In The Fellowship of the Ring, Arwen saves Frodo's life, protecting him from the Nazgul and delivering him to a healer. In so doing, she proves herself an able horsewoman, a person of no little courage, and a capable sorceress, summoning a river to her aid. These scenes of daring rescue also mitigate the more patriarchal aspects of Arwen's character, though unfortunately these traits, particularly the horsemanship and magic, seem tied directly to her status as an elf, rather than her individual talents, and pale when compared with the feats of Legolas (Orlando Bloom).

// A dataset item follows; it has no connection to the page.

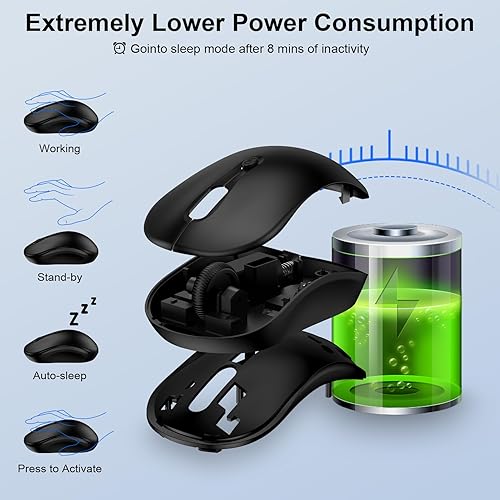 Miniatura 5 de Ratón inalámbrico para computadora portátil, 2.4 GHz, mouse inalámbrico para computadora, oficina, hogar, con receptor USB A para HP Dell Lenovo,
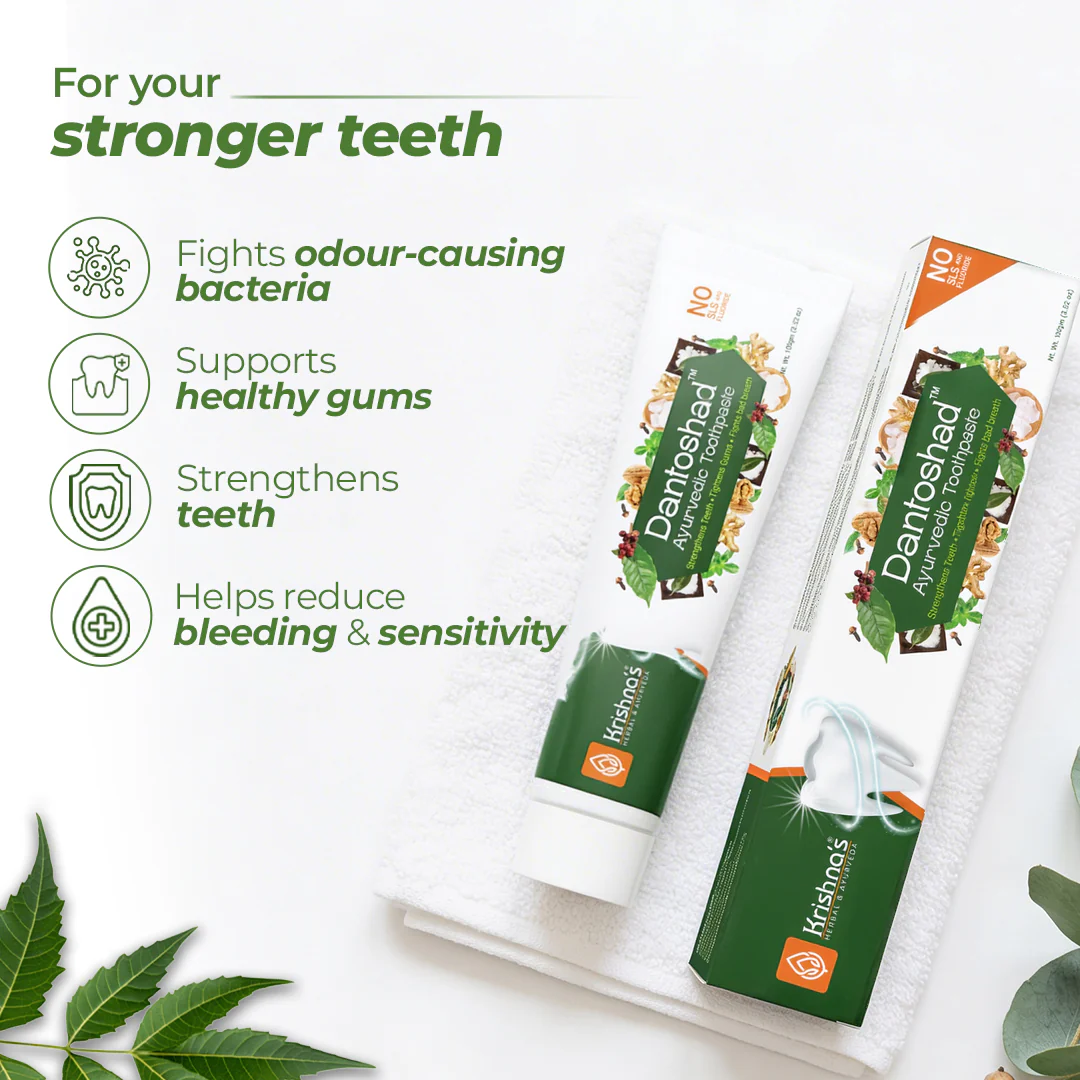 SLS Free Dantoshad Ayurvedic Toothpaste - Image 3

Eowyn, of all the characters, is the closest to a feminist heroine that The Lord of the Rings offers. Her status as a swordswoman is the most obvious trait that differentiates her, but it must be said that physical prowess and fighting ability do not a feminist make. Aragorn consistently belittles her, insisting she stay out of the fighting she longs to join and treating her as a mere apprentice in swordsmanship, though she is more than capable, while her uncle and brother speak frequently about safeguarding her and chide her when she protests. All the men around her treat her like a child and when she does ride into battle in The Return of the King she keeps Merry (Dominic Monaghan) always at her side. In The Two Towers, she is subjected to the vile attentions of the traitor Grima and her defiance and disgust are only faintly expressed. It's clear that she is vulnerable at court as a woman, but it's really rather disappointing that a woman prepared to ride into battle proves unequal to firmly rejecting a lecher.

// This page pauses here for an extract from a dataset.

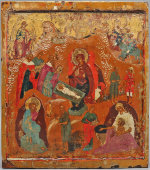 Старинная деревянная икона «Рождество Христово», Россия, живопись 17 в.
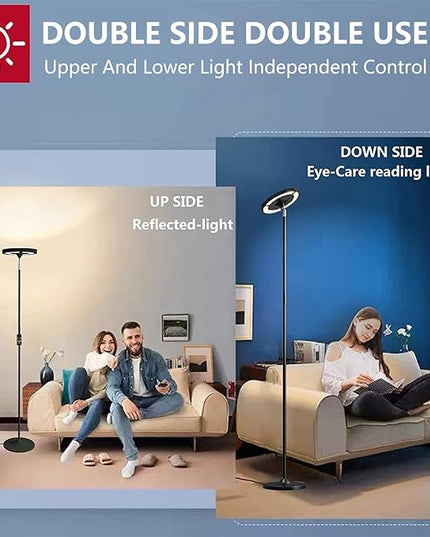 Keepsmile Double Side Lighting Led Floor Lamp with Remote Smart App 36W/2600LM Bright Tall Standing RGB Floor Lamp Angle Multicolor Dimmable Modern Floor Lamps for Livingroom Bedroom Office - LeafyLoom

The one moment in the films that should prick the feminist ear is in The Return of the King. King Theoden (Bernard Hill) lies mortally wounded and the Witch King of Angmar, leader of the Nazgul, prepares to finish him off. Eowyn, seeing her beloved uncle in mortal peril, steps between them and fights the Witch King. He nearly kills her, laughing at her defiance because he can be killed by no man. At this point, Eowyn reveals herself to be a woman and she stabs the Witch King, destroying him and proving the prophecy true - no man has killed him. This victory is, however, very much mitigated by the fact that Eowyn does not act alone. The Witch King is weakened first by Merry, a hobbit (thus the prophecy holds true), who stabs him with an enchanted blade and gives Eowyn an opening.

The prophecy about the Witch King is dependent on a fundamental weakness of patriarchal ideas. The Witch King assumes himself invulnerable because it is inconceivable to him that any creature but a man could be a mighty enough warrior to challenge him. Hobbits are described as retiring, adventure-shy, and too small and weak to be fighters; the same view is held of women. In the end however, the hobbits earn the adulation and gratitude of an entire world, having proved themselves creatures of courage through their adventures. Eowyn is destined to be the bride of Faramir (David Wenham). Oh, yay.

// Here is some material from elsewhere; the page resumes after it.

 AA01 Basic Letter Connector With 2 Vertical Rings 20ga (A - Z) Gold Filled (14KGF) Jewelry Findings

While I was watching The Two Towers, I turned to my sister and pointed out that the Rohirrim could double their armed forces if they armed the women as well as the men. And then maybe they could not arm all those little kids that definitely did not survive the battle of Helm's Deep.The decidedly patriarchal attitudes of the Middle-earth world thus make the road to victory quite a bit harder. Luckily, Sauron seems intent on a world run by orcs and thus free of women, so he doesn't realize the potential of doubling armies by training both genders, but unluckily, the men of Rohan and Gondor are equally clueless and thus take greater risks than needed by fighting with vastly out-numbered forces. They are constantly frustrated by the small size of their armies, in every single battle fought; I say, arm the women.

The most unfortunate aspect of the treatment of female characters in The Lord of the Rings is that there are no female characters that are not, by the end, romantically attached. Galadriel is married and shares the rule of her realm with her husband. Arwen, as expected, becomes Aragorn's queen. And Eowyn, having first pined for Aragorn, falls in love with Faramir. Male characters are not treated in the same way. Frodo, Gandalf, Gimli, Legolas, Merry, Pippin, Bilbo - none of them are romantically attached. The women's destinies are wrapped up in the men; the men's destinies are their own.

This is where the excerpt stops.